▶ [WHAT TO WORK ON]:
Exactly as they appear, retype the lines from the one containing "Mother Nature lashes" through the final line of the data below. Leave pictures out.

Brief descriptive captions
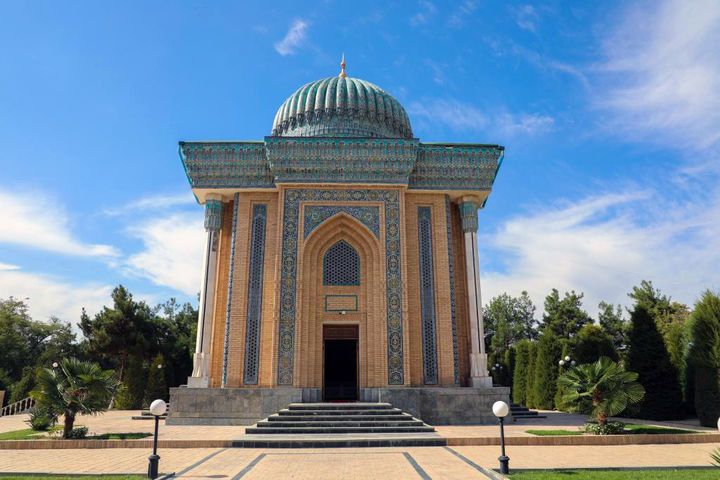 Moturidiya madrasasining aqiyda borasida ilmiy manhaji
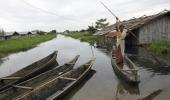 Mother Nature lashes out: Floods kill at least 15 in Assam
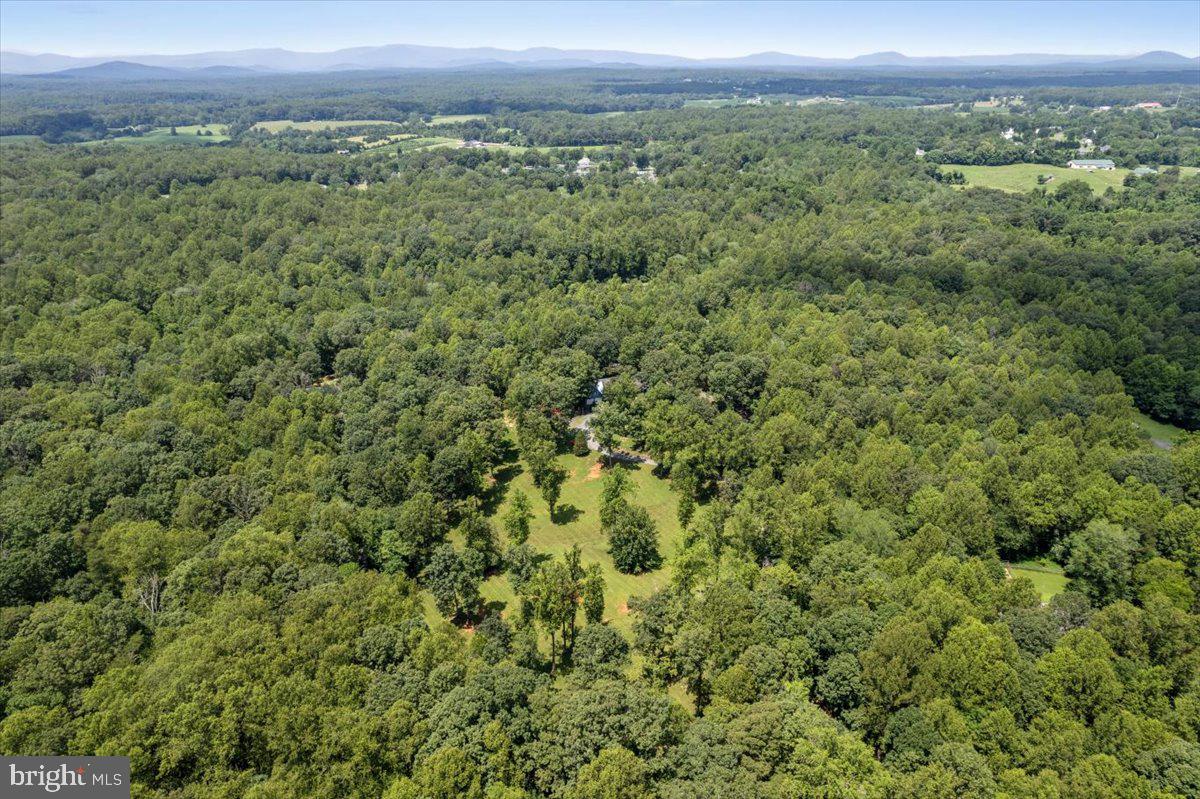 JEFFERSONTON - Residential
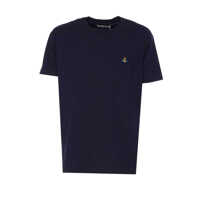 Topuri Vivienne Westwood T-Shirts And Polos Barbati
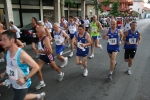 13.6.06-San.Damiano-roberto.mandelli-036.jpg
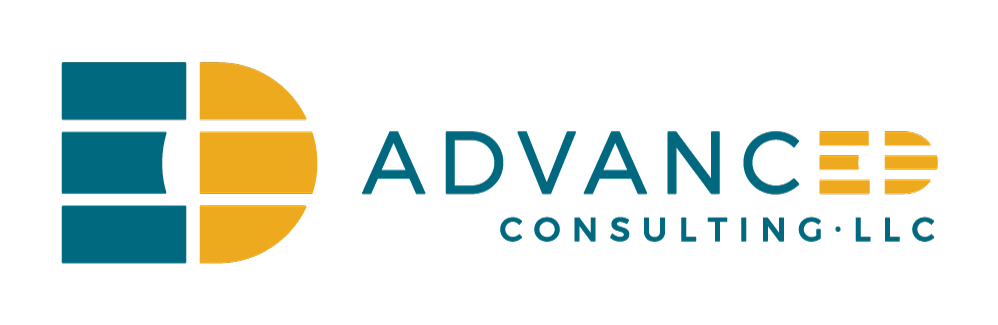 AdvancED Consulting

▶ [ANSWER FOR THIS EXERCISE]:
 Mother Nature lashes out: Floods kill at least 15 in Assam
 JEFFERSONTON - Residential
 Topuri Vivienne Westwood T-Shirts And Polos Barbati
 13.6.06-San.Damiano-roberto.mandelli-036.jpg
 AdvancED Consulting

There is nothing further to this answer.